◆ Dataset extract ◆

╔══

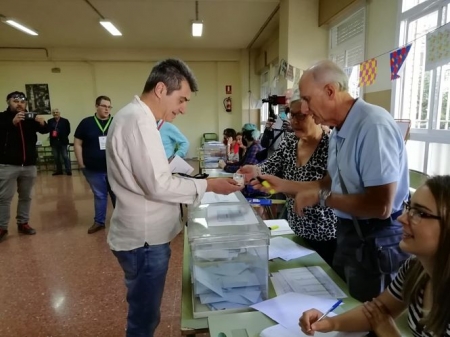 Antonio Cambio, votando durante las pasadas municipales (PODEMOS-IU-ADELANTE) Antonio Cambio, votando durante las pasadas municipales (PODEMOS-IU-ADELANTE)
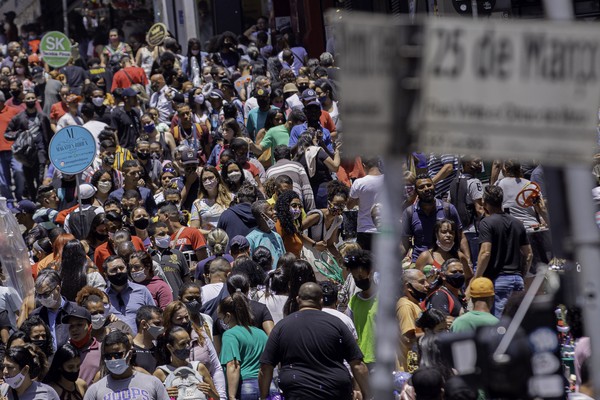 Rua 25 de Março em SP tem lotação na manhã do dia 7 de novembro — Foto: BRUNO ROCHA/FOTOARENA/ESTADÃO CONTEÚDO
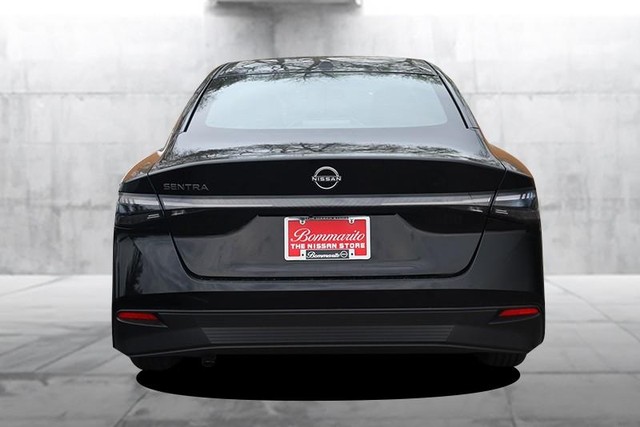 Nissan Sentra Vehicle Image 06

╚══

◆ Directions ◆
Could you set down the data exactly as given, minus its pictures?

◆ Response to the task ◆
 Antonio Cambio, votando durante las pasadas municipales (PODEMOS-IU-ADELANTE) Antonio Cambio, votando durante las pasadas municipales (PODEMOS-IU-ADELANTE)
 Rua 25 de Março em SP tem lotação na manhã do dia 7 de novembro — Foto: BRUNO ROCHA/FOTOARENA/ESTADÃO CONTEÚDO
 Nissan Sentra Vehicle Image 06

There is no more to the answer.